Working in support of the Department of Defense (DoD) can be a rewarding and exciting career. Being a part of DoD gives a worker the chance to support one of the most valued and important missions of the U.S. government. But what does it take, and what type of person will be successful in department of defense jobs? Is the personal reward worth the concern of sequestration, continuous resolutions and potential layoffs?
Obviously, the most logical candidates are prior service members, veterans or Reserve or National Guard members. But the DoD workforce is one of the most diverse – it includes many government contractors and civilians with no prior military service, and who come from a variety of backgrounds.
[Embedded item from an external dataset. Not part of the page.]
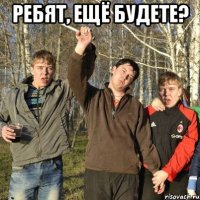 ребят, ещё будете? 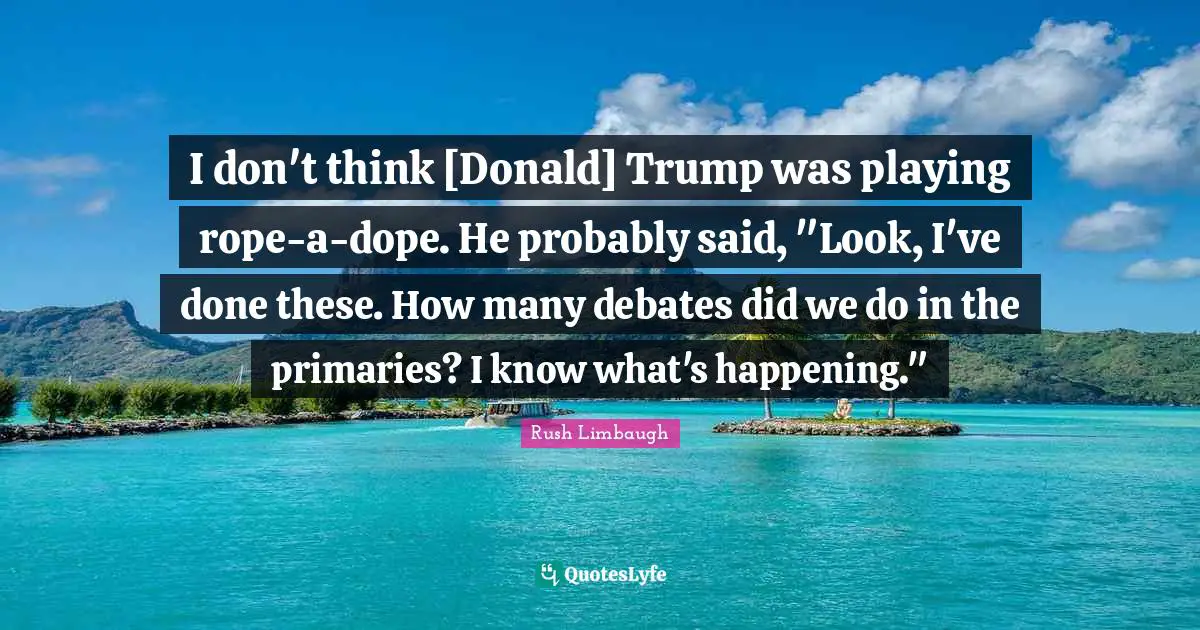 I don't think [Donald] Trump was playing rope-a-dope. He probably said, "Look, I've done these. How many debates did we do in the primaries? I know what's happening."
Factors When Applying for Department of Defense Jobs
A few points to consider when thinking about a career in DoD:
1. The security clearance
Are you eligible to get, and maintain, a security clearance? It is probably the first, and most important question, because the nature of the work, and the environment, will demand trust, responsibility, and consistent reliability.
2. The culture.
For transitioning service members, working in the DoD is like coming home. For those without prior military experience the work can seem very foreign – from a new language of acronyms to unique processes. But even within the DoD workforce each segment is unique. Those who have worked in the Pentagon can attest to the subcultures between service members, contractors and DoD civilians. That subculture extends even to the service branches, which each have their own requirements, policies, and idiosyncrasies.
3. The mission.
The work DoD performs is too important to fail. Dedication and service are the cornerstone concepts required for each job seeker to fully understand. Unlike a corporation or business which are financially and economically driven, the mission of DoD involves the lives and security of service members, citizens, and the world at large. Because of the importance of that mission, the work is surprisingly stable. Despite concerns about sequestration and budget cuts the federal government workforce continues to grow. Versus private sector employment, working within the DoD offers greater job security.
5. Professional fields or expertise – what’s in demand.
Across the government, including DoD, cybersecurity professionals are most in-demand. Other in-demand career fields include big data professionals or those with Special Forces and Counter Intelligence backgrounds. Program managers are always in demand within government and the DoD, but in today’s market there are many more applicants than open positions.
The critical point to consider – DoD is still hiring, despite what you might hear in the news. If you’re a qualified professional or a transitioning service member, consider career opportunities in defense. Just be prepared for the budget roller coaster.